Output the entries below word for word, stopping once the line containing "Gydytojai perspėja: šį" is done, and omit each picture.

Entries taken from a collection
-----

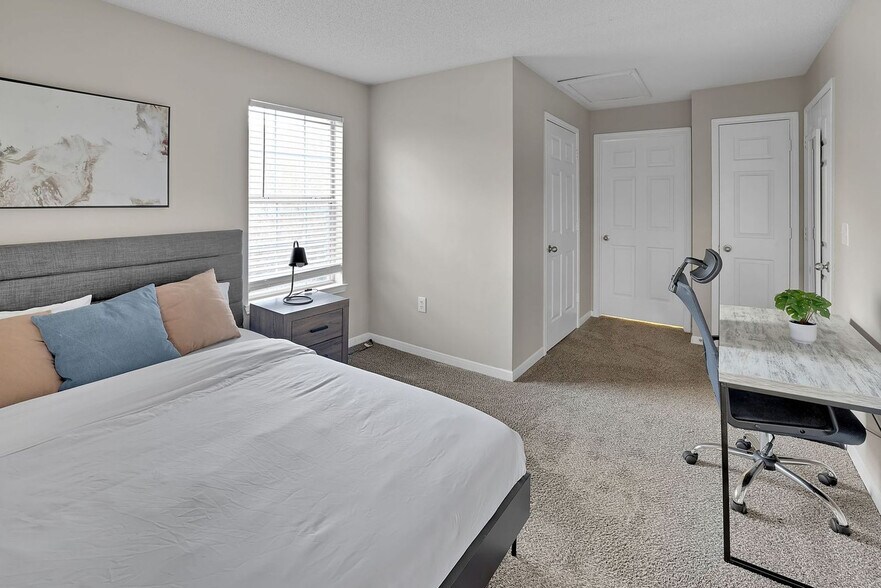 Building Photo - 2805 Wildwood Crossings Dr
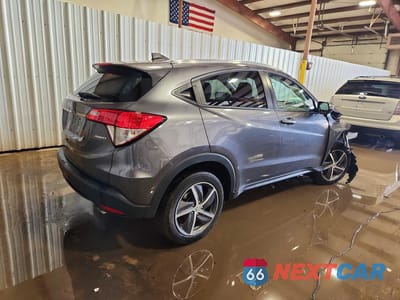 Trzecie zdjęcie samochodu z tyłu: 2022 HONDA HR-V EX VIN:3CZRU6H53NM770108 - miniatura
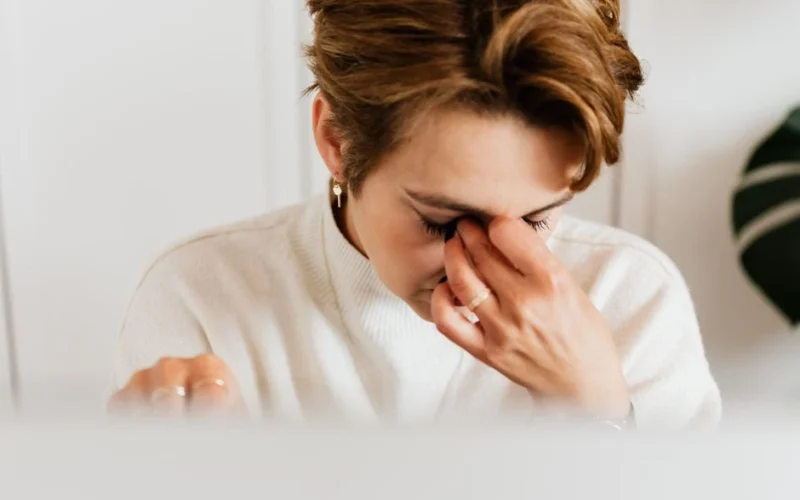 Gydytojai perspėja: šį simptomą žmonės dažnai nurašo nuovargiui, bet tai gali būti rimtesnis signalas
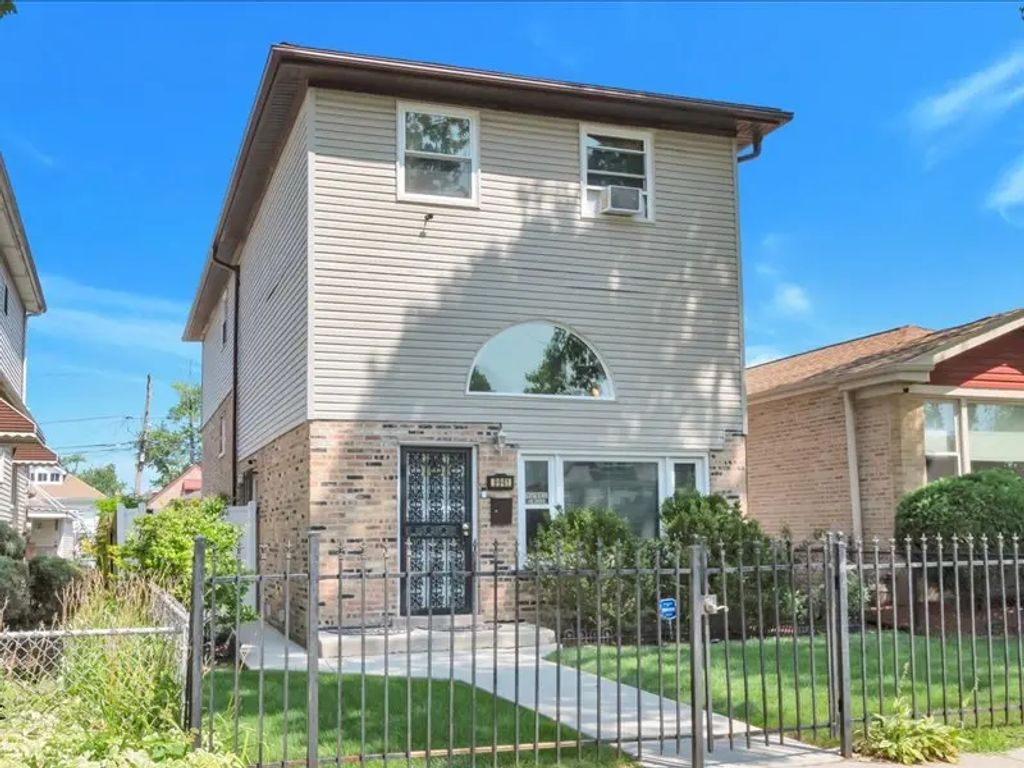 9941 S Aberdeen Street, Chicago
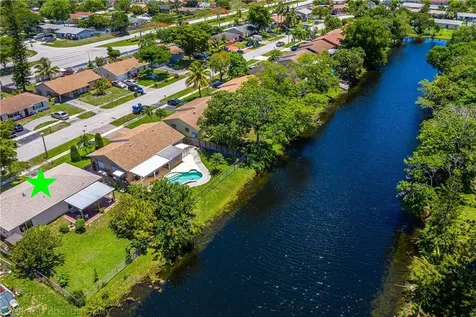 7908 SW 3rd Street North Lauderdale FL 33068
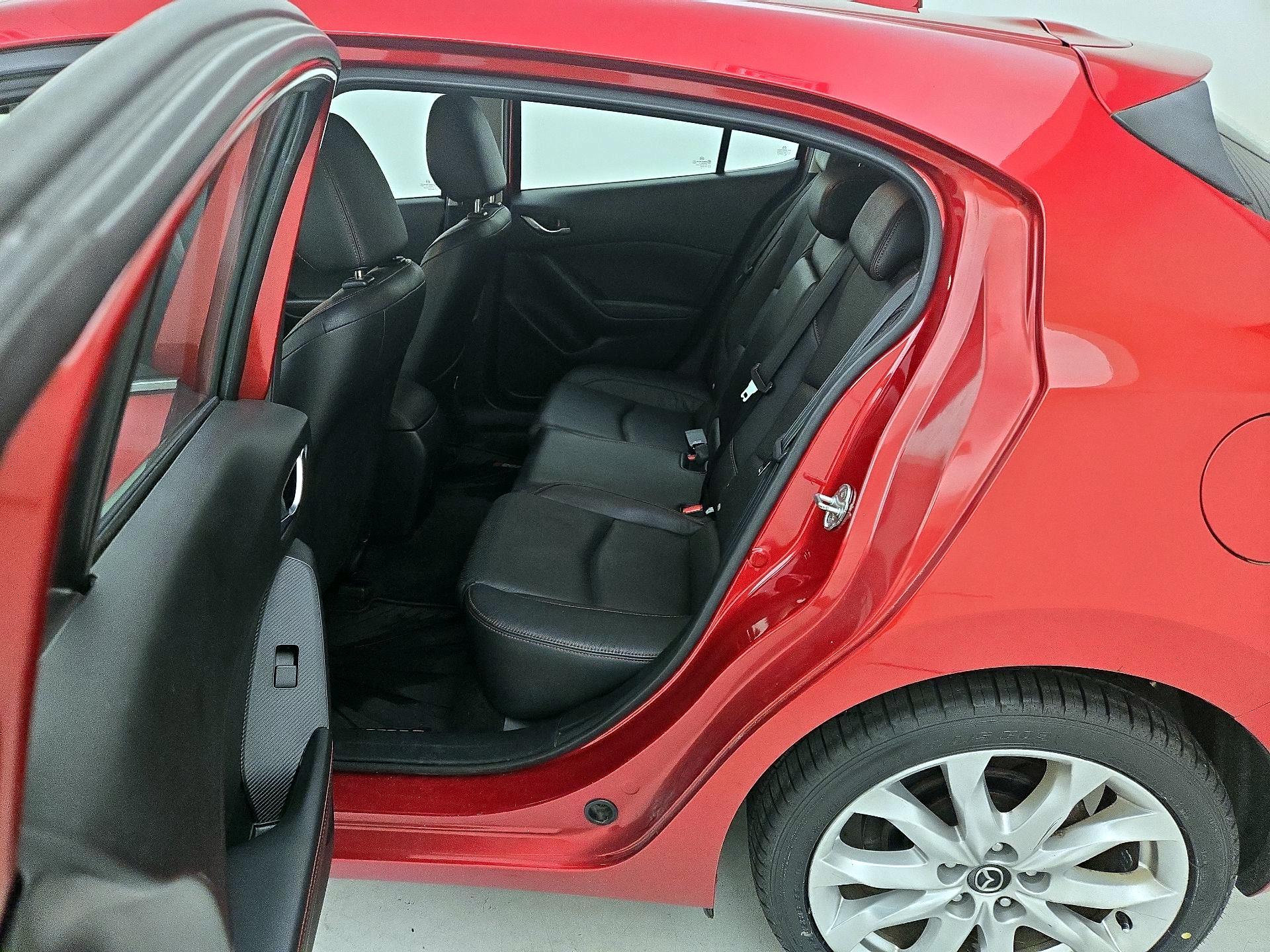 Thumbnail: 2016 Mazda Mazda3 - 17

-----

▶ **YOUR RESPONSE**
 Building Photo - 2805 Wildwood Crossings Dr
 Trzecie zdjęcie samochodu z tyłu: 2022 HONDA HR-V EX VIN:3CZRU6H53NM770108 - miniatura
 Gydytojai perspėja: šį simptomą žmonės dažnai nurašo nuovargiui, bet tai gali būti rimtesnis signalas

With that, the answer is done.